23 Aug. 1853–6 Jan. 1889
James Francis Shober was the first known Black physician with a medical degree to practice in North Carolina. He was born in or near the Moravian town of Salem. He was allegedly the son of Betsy Ann Waugh (1835–59), an eighteen-year-old, multiracial, enslaved woman. Circumstantial evidence suggests that she was the daughter of John H. Schulz, a white resident of the town, and that her son was fathered by twenty-two-year-old Francis Edwin Shober, an 1851 graduate of The University of North Carolina and recently admitted to the bar. Betsy Ann Waugh later married an enslaved man named David Shober (1822–67), who was enslaved by a relative of Francis Edwin Shober.
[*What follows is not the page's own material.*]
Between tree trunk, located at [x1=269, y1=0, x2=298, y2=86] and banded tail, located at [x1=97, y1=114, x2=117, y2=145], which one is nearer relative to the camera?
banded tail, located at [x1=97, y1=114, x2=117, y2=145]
James Francis Shober was graduated from Lincoln University in Oxford, Pa., in 1875 with a grade average of 95.5 and then entered the Howard University School of Medicine in Washington, D.C. One of forty-eight graduates in the class of 1878, he returned to practice in Wilmington, the largest town in North Carolina. His college and medical school expenses are believed to have been paid by members of the Shober family, perhaps by his natural father.
As the sole black physician in a city with 10,504 Black Americans, Dr. Shober undoubtedly was quite busy. He was well-liked and highly respected and served as an elder in the Presbyterian church. On 28 June 1881 he married Anna Maria Taylor, and they became the parents of two daughters, Mary Louise and Emily Lillian. Only thirty-six when he died, he was buried in Pine Forest Cemetery, Wilmington.